SOURCE INFORMATION:
-- Opening Marker --
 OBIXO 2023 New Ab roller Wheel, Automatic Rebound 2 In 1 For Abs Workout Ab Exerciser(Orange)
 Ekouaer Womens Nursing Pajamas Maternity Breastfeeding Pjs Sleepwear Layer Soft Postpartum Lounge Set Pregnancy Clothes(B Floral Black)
-- Closing Marker --
-- Opening Marker --
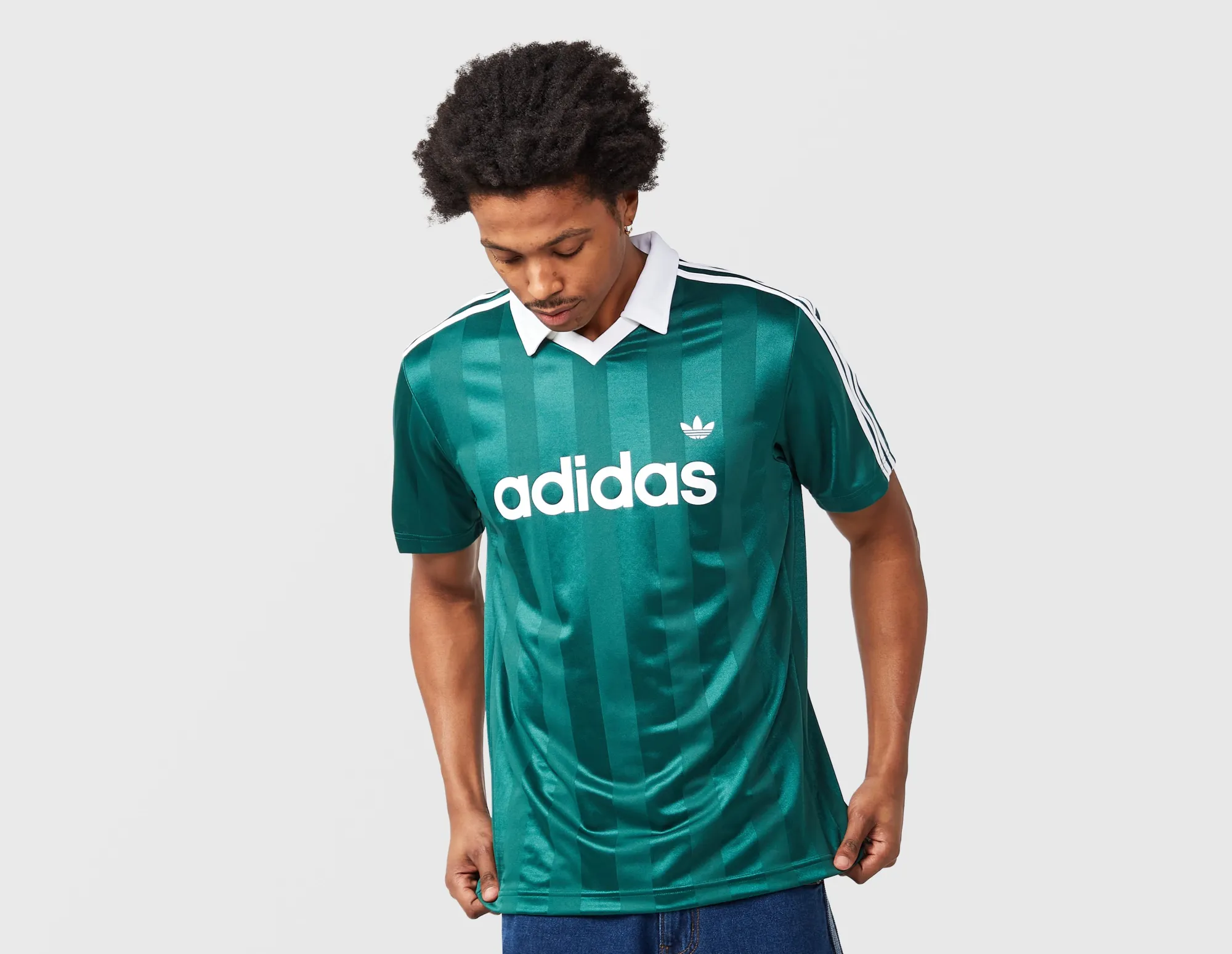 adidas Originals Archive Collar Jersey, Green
-- Closing Marker --
ABOUT THIS TASK: From the records above, copy out the line with "OBIXO 2023 New", the line with "Ekouaer Womens Nursing", and every line between them, word for word.

RESULT:
 OBIXO 2023 New Ab roller Wheel, Automatic Rebound 2 In 1 For Abs Workout Ab Exerciser(Orange)
 Ekouaer Womens Nursing Pajamas Maternity Breastfeeding Pjs Sleepwear Layer Soft Postpartum Lounge Set Pregnancy Clothes(B Floral Black)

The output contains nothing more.